В бане мы пьем пиво, но все мои мысли о
будущей встрече. Спешу в общагу, собираюсь, и –
в Тихвинский переулок, где живут Фирсовы. И вот их дом. Аж, дрожь
колотит, когда подымаюсь на лифте, но беру себя в руки. О таких моментах я
слышал и читал в книгах других писателей, когда и они тряслись у дверей
«великих». Встретила жена будущего наставника, пышущая благополучием и
здоровьем Людмила Васильевна, белокурая, высокая, статная русская женщина в
полном расцвете лет.
Сказать, что квартира Фирсовых
была роскошна, значит, ничего не сказать. Это был музей: с антиквариатом,
иконами, картинами, в том числе и старшего сына, в будущем талантливого
художника Володи. Это во времена прихода дикого капитализма в России появились
особняки, виллы, дворцы, а в советское время все нормировалось, в том числе и
жилье. Квартира Фирсовых была просторна, кажется из трех, но очень больших
комнат с высокими потолками, и кухни. Все стены сплошь обвешаны живописью и
иконами. Книги, посуда, дух литературы, мебель, принадлежавшая в прошлом
известным деятелям, и сам знаменитый поэт в постели.
У Владимира Ивановича – защемление позвонка, собирается в больницу на
вытяжку. Подхожу к кровати, здороваемся, сажусь рядом на стул, начинается
разговор о литературе, поэзии. Сразу становится легче, да и простота общения
расслабляет. «Надо бы тебя в Союз писателей рекомендовать», – совершенно
неожиданно для меня говорит шеф. Просит прислать срочно две рукописи стихов: для только что
открывающейся библиотечки журнала «Молодая гвардия» и «Современника». Это
похоже на сказку, далекую от моей провинциальной жизни, с трудом верится во все
происходящее.
Владимир Фирсов, после многих других,
увиденных мною в столице и провинции, поразил меня необыкновенной простотой и
добротой, которая иногда впоследствии переходила все границы. Был он пьющим,
как многие в то время писатели, особенно поэты, но успевал и дела делать…
Конечно, это ему и вредило, но иногда и помогало, поскольку… он общался… чаще с
людьми, занимающими серьезное положение в обществе, а мелкие литераторы на
цыпочках подходили к двери кабинета главного редактора советско-болгарского
журнала «Дружба», который впоследствии я обжил, как дом родной. Этот человек
сделал для меня необычайно много, пожалуй, больше всех, поскольку вселил в меня
уверенность, что я могу добиться цели, да, к тому же, помог
воплотить это в книги, публикации, членство в Союзе писателей.

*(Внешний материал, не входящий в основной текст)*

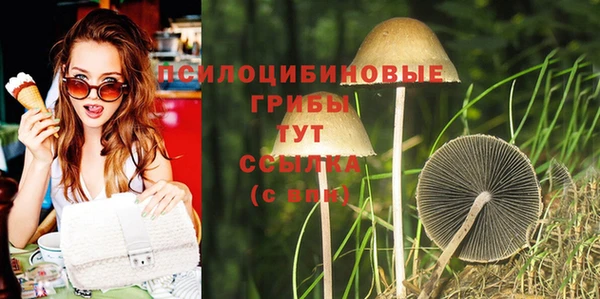 мет Краснослободск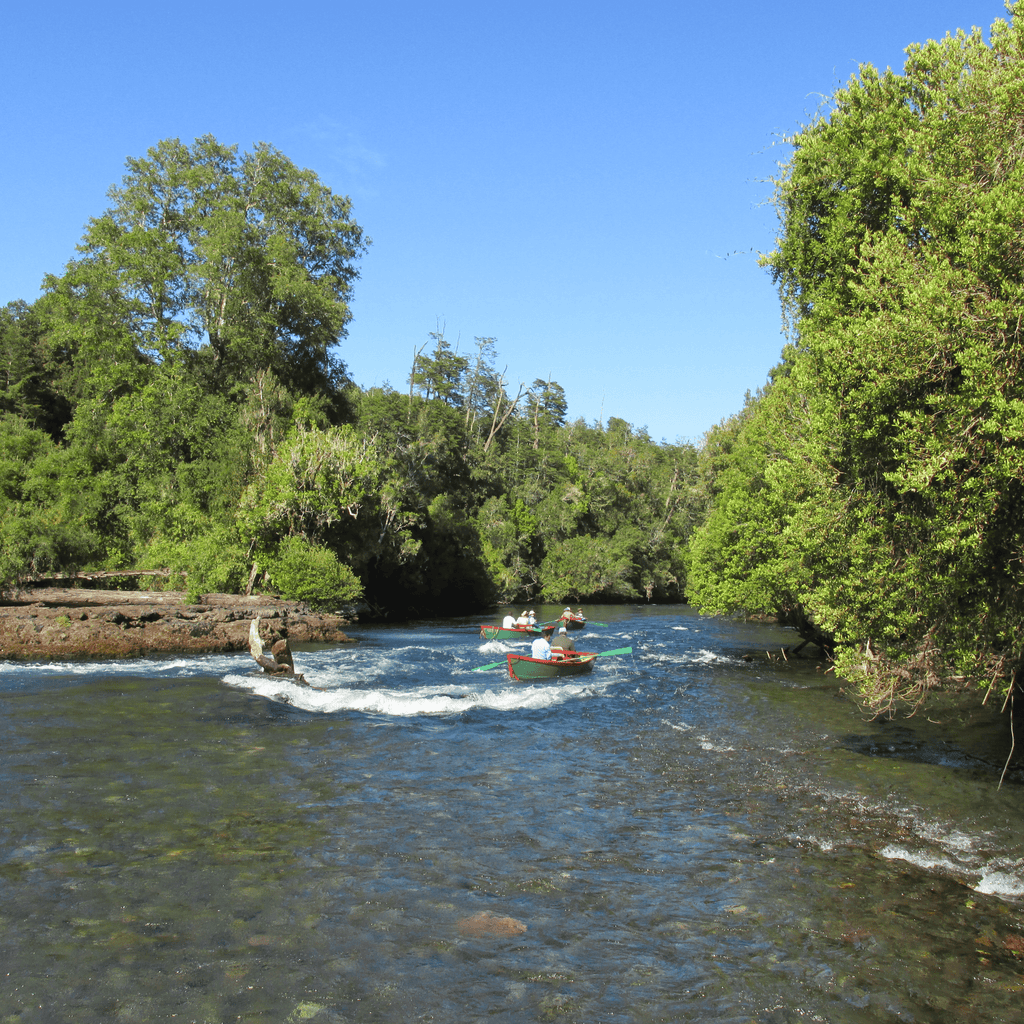 Excursión de Pesca - Puerto Octay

«Люда, достань-ка нам бутылочку», – вдруг
попросил Владимир Иванович, впоследствии Иваныч – это было мое обращение к нему
на протяжении учебы с переходом «на ты». Разница в возрасте у нас была невелика
– всего тринадцать лет, поэтому, если отбросить разное литературное положение,
можно было и «тыкать», если шеф этому не противился. Я попытался пошутить, что
сам должен был принести бутылку, на что Иваныч добродушно ответил, мол, еще
успею. Это оказалось действительно так, выпито с ним за шесть лет учебы было
предостаточно, от пива до коньяка и шампанского в самых разных местах. Учились
мы весело.
Таких удивительных и противоречивых людей,
как Фирс, так мы тоже за глаза называли шефа, я и в дальнейшей жизни не встречал. Он был на самой вершине столичного положения: лауреат
Госпремии России и премии Ленинского комсомола уж к 37 годам, ученик Твардовского,
главный редактор известного журнала, автор многих книг. На момент, когда мы
познакомились, ему стукнуло 44 года,
тогда это мне казалось солидным возрастом, теперь же понимаю, что был он, по
сути, еще совсем молод. Смоленский паренек, волей судеб заброшенный в Москву,
замеченный великим земляком Александром Твардовским, направленный им в
Литературный институт… успешно совмещал творчество с продвижением по ступенькам
литературной лестницы... В Союз писателей Фирсов был принят рано, в 21 год, с
первой книгой.
Прекрасный лирик, он писал и огромные
поэмы: о Шолохове, Матросове, Гагарине, партии и революции... Я не скажу, что
подобные творения писались неискренне, но как и с моей «рабочей темой», так и с
глобальными произведениями у Фирсова были большие проблемы. Впрочем, такое шло
время, партия требовала, и писали такое многие, в том числе и будущие
демократы: Евтушенко, Вознесенский, Окуджава. К тому же, героизм отчасти
вдохновлял, другое дело, что поэзию в этих свершениях было найти непросто, и немногим
удавалось. Случались хорошие стихи и о заводе, и о селе, как, например, у
Ярослава Смелякова, Бориса Ручьева, рано ушедшего из жизни, любимого мной
уральца Вячеслава Богданова и некоторых других поэтов. Но все-таки это было
исключением, а не правилом. А с литераторов требовали, и если в прозе решать
данный вопрос было легче, то в поэзии, увы...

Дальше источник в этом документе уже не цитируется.